As Debussy said about somebody else, is there no one who likes Scorsese enough to tell him that he's directed enough movies?


----------



## Arsakes (Feb 20, 2012)

*Bill Murray* kinda looked like him...

But he's too old to act as the young age of him.


----------



## Arsakes (Feb 20, 2012)

I was thinking about Quentin Tarantino making a movie about Beethoven or Wagner...


----------



## Stavrogin (Apr 20, 2014)

Gabriel Byrne would be in my shortlist.


----------



## 20centrfuge (Apr 13, 2007)

Daniel Day-Lewis would be my number 1 choice. Intelligent, nuanced, capable of explosive passion (a la Mr. Bernstein).


----------



## Stavrogin (Apr 20, 2014)

Mmm Gabriel Byrne may be too old. 
Colin Firth maybe - he should lose some weight. 
Sean Bean also in the shortlist.


----------



## Blancrocher (Jul 6, 2013)

20centrfuge said:


> Daniel Day-Lewis would be my number 1 choice. Intelligent, nuanced, capable of explosive passion (a la Mr. Bernstein).

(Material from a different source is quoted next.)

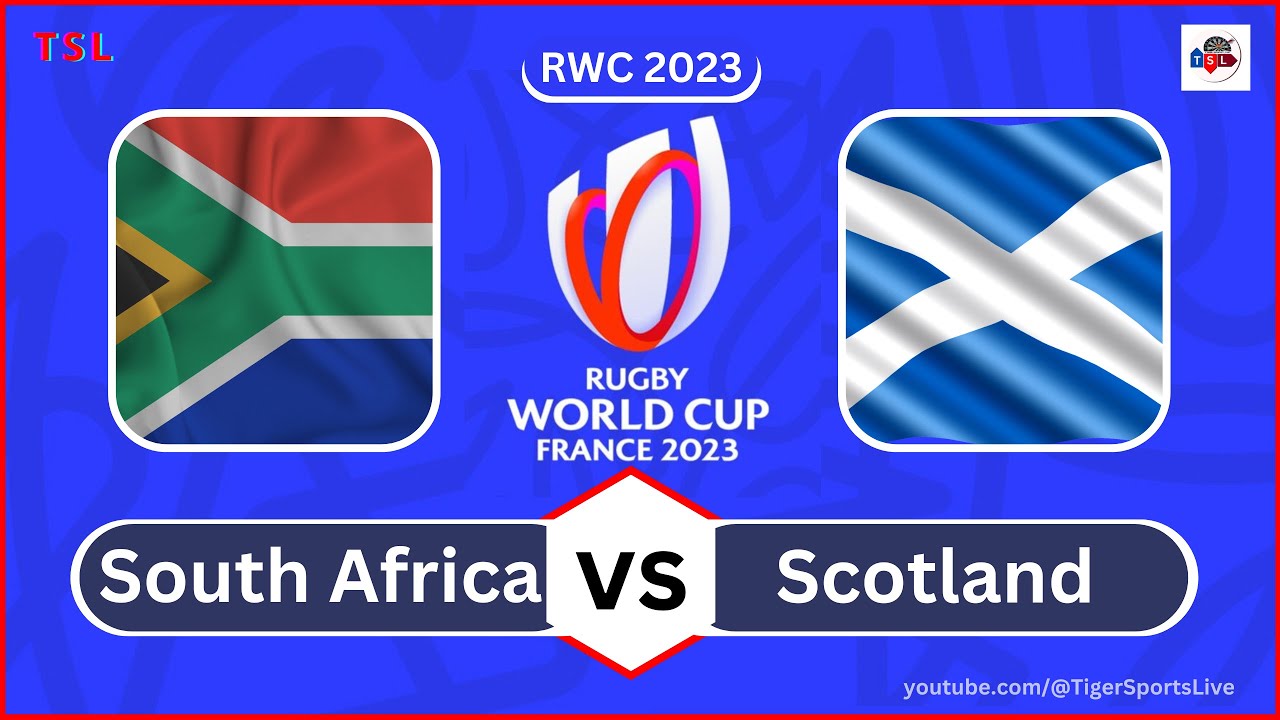 South Africa vs Scotland Rugby Live Scores - Rugby World Cup 2023 (Springboks vs Scotland)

I worry that he'd scare the children at the young-people's concerts.


----------



## Morimur (Jan 23, 2014)

I am sure he'll cast Decrapio in the role. If we're talking solid Hollywood actors, I'd cast Joaquin Phoenix or Clive Owen . . . leaning more towards the latter.


----------



## hpowders (Dec 23, 2013)

Liam Neeson. He has just the right "upper class" accent to carry it off. A little makeup....


----------



## starthrower (Dec 11, 2010)

Di Caprio looks nothing like Bernstein. He looks a lot like Orson Welles.


----------



## Pugg (Aug 8, 2014)

Please let the actor have some knowledge about music


----------



## DeepR (Apr 13, 2012)

Al Pacino 
He doesn't have the face or voice for it, but if he sets his mind to it I think he could do it better than anyone. You'd have to see the film "You Don't Know Jack" to see what this actor is still capable of (as opposed to DeNiro who has become a charicature).


----------



## Abraham Lincoln (Oct 3, 2015)

Charlyne Yi.

...wait, you meant a *male* Lenny?


----------



## Fugue Meister (Jul 5, 2014)

Morimur said:


> I am sure he'll cast Decrapio in the role. If we're talking solid Hollywood actors, I'd cast Joaquin Phoenix or Clive Owen . . . leaning more towards the latter.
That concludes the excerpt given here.